Recently, I visited my friend Meg, who served me this wonderful dish as a side to roasted lamb chops. I think everyone will enjoy it. Full of warm flavors, it’s the perfect addition to any fall meal.
INGREDIENTS:
→ 18 thin, freshly peeled carrots
→ 2 l5-ounce cans chickpeas
→ 2 tablespoons olive oil
→ 1 teaspoon ground cumin
→ 1 teaspoon ground cinnamon
→ Zest of 1 orange
→ ½ teaspoon paprika
→ ½ teaspoon sea salt
→ ¼ teaspoon of cayenne pepper
DRESSING:
→ 3 tablespoons fresh lemon juice
→ ¼ teaspoon salt and pepper
→ 2 tablespoons olive oil
→ 1 scallion sliced thinly
→ 3 tablespoons fresh, chopped parsley
→ ½ cup crumbled goat cheese (optional)
DIRECTIONS:
→ 1. Preheat oven 425 degrees.
→ 2. Rinse and drain chickpeas. Pat dry.
→ 3. Chop ends off carrots.
→ 4. Pour chickpeas into a rimmed baking pan and top with carrots. Drizzle on olive oil and toss.

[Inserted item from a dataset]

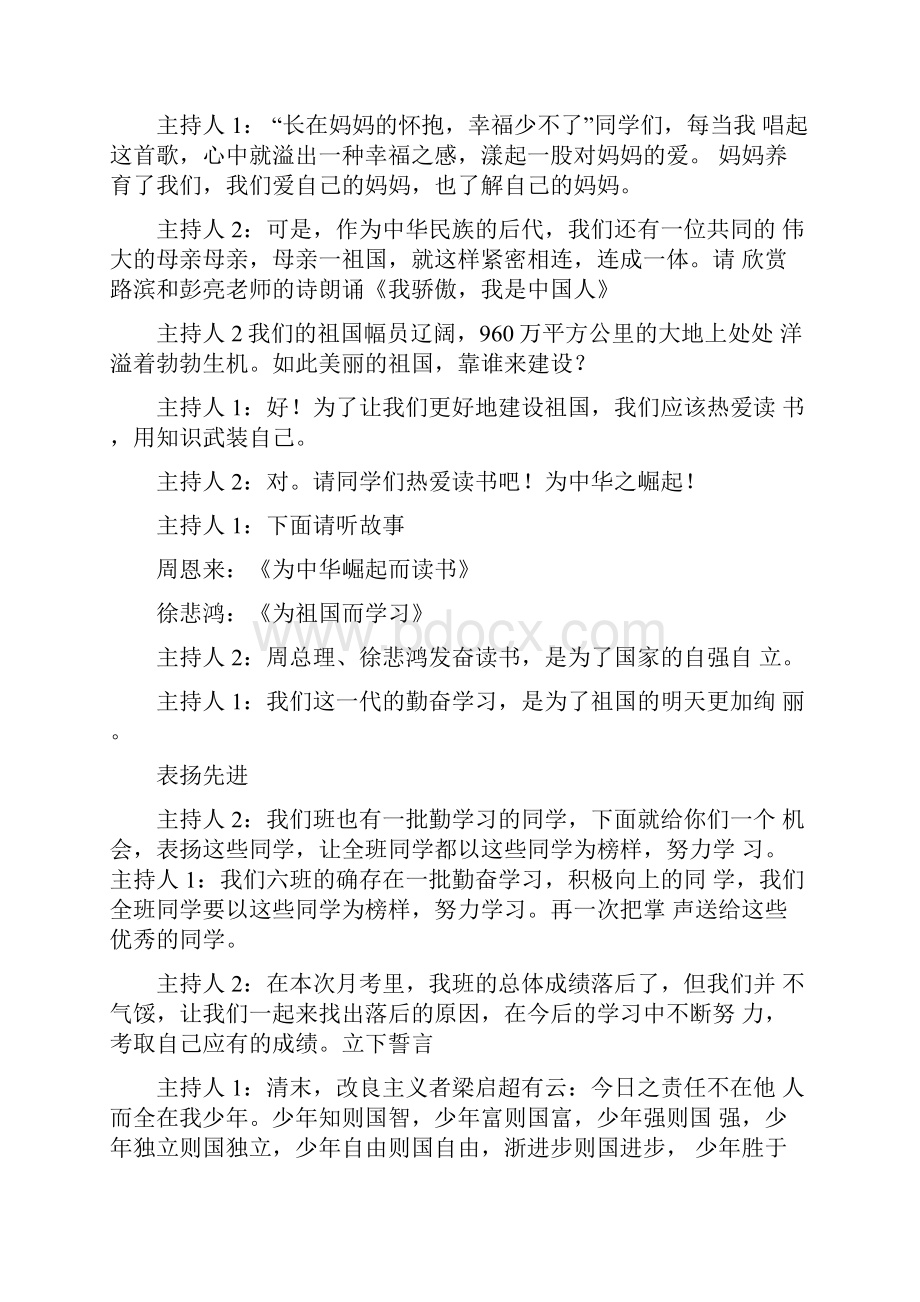 爱学习爱劳动爱祖国主题班会记录方案.docx_第2页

→ 5. In a small bowl, combine all the dry ingredients and sprinkle over carrots and chickpeas evenly.
→ 6. Roast in oven about 40 minutes or until carrots are fork tender.
→ 7. Wisk all the dressing ingredients together and pour over cooled carrots and chickpeas. Toss evenly.
→ 8. Top with crumbled goat cheese, as desired.